Just wondering if it is possible to put a larger ssd in this ultrabook? This is the ssd in currently.


----------



## MxPhenom 216 (Apr 24, 2014)

Should be able to yes, as long as its 7mm thick.


----------



## 1nf3rn0x (Apr 24, 2014)

MxPhenom 216 said:


> Should be able to yes, as long as its 7mm thick.


As long as what is 7mm thick? The actual drive itself?
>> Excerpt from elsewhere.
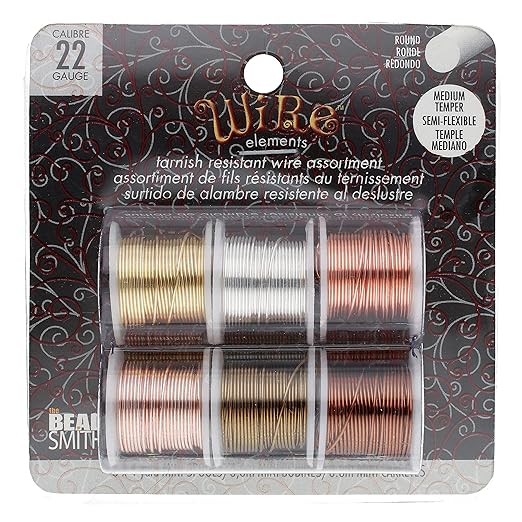 The Beadsmith Craft Wire Assortment - Tarnish-Resistant Copper Wire for Jewelry Making, 6-Pack, 0.75-Inch Mini Spools, 4 Yd Each, 22-Gauge, Assorted Colors, Medium Temper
Is this a viable drive? http://ijk.com.au/branch/ijk/product_info.php?cPath=27_553&products_id=146789

I done some more snooping 
	

	
	
		
		

		
		
	


	





"The SSD, which is roughly the size and shape of a stick of gum, is replaceable, but it doesn't use the standard mSATA form factor or connector—both the shape of the drive and the connector are nearly identical to the non-standard SSDs that Apple uses in its MacBook Airs, though AnandTech points out that the two aren't actually compatible. Replacing this SSD after purchase is going to be more difficult and expensive than it would be had the laptop gone with a standard drive."


So, what do?


----------



## 4ghz (Apr 24, 2014)

Probably not. That uses mini SATA (mSATA) connector and is meant to be installed on computers that already comes with SSD.  Computers that comes with hard drive can't fit that without an adapter like this:





The adapter comes with holder for 27mm, 50mm, and 70mm long mSATA SSD.  You can find them on eBay (risky and likely unreliable) or from some reputable sources for a hefty price. You should look for standard 2.5" SATA SSD, while observing the max thickness.  This is what I have in my laptop: http://www.newegg.com/Product/Product.aspx?Item=N82E16820168089 (my laptop is only SATA2 but I can transfer if I get a new laptop).
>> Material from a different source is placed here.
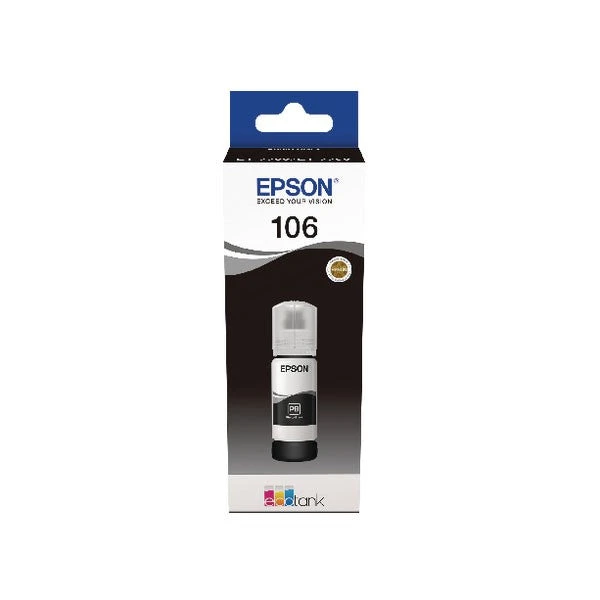 Epson 106 EcoTank Photo Black Ink Bottle C13T00R140 Inkjet Cartridges 3 Epson 106 EcoTank Photo Black Ink Bottle C13T00R140 Inkjet Cartridges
I was able to move the OS easily. First I ran disk optimizer to force optimizing free space, that would move all the files into one area of the hard drive.  Then using compmgmt.msc (in run box) clicked on storage -> disk management and right-clicked on the hard drive to be replaced and used shrink. I was able to shrink it less than 256GB (you only need to shrink smaller than the new SSD so it'd fit).  next using Windows backup, I copied the entire C: onto an external USB hard drive.  Shut the laptop down, removed the old hard drive, installed the new SSD, put the Windows 7 CD I used originally on this laptop, booted it up and it loaded Windows 7 setup. I used the restore option and had it restore from the external USB hard drive, it'd set the new SSD automatically and when it's done, you should be able to boot right into new SSD as normal (much faster too!!!)  Go back to compmgmt.msc and go to the new hard drive and expand it to fill every MB of free space so you'd have a full SSD. You may be missing 100MB at the start, it is for important Windows stuff, leave it.

My laptop is a larger 17" model with space for 2 hard drives, I moved the old 500GB onto the second spot for data (mp3, anime, etc) and my laptop is much zippier. Do search for optimizing SSD for Windows, moving page file to only the mechanical drive (or disable page file) for example, disable hibernate if you don't need it to free up a few GB, turn off prefetching and other stuff as those aren't useful on SSD.


----------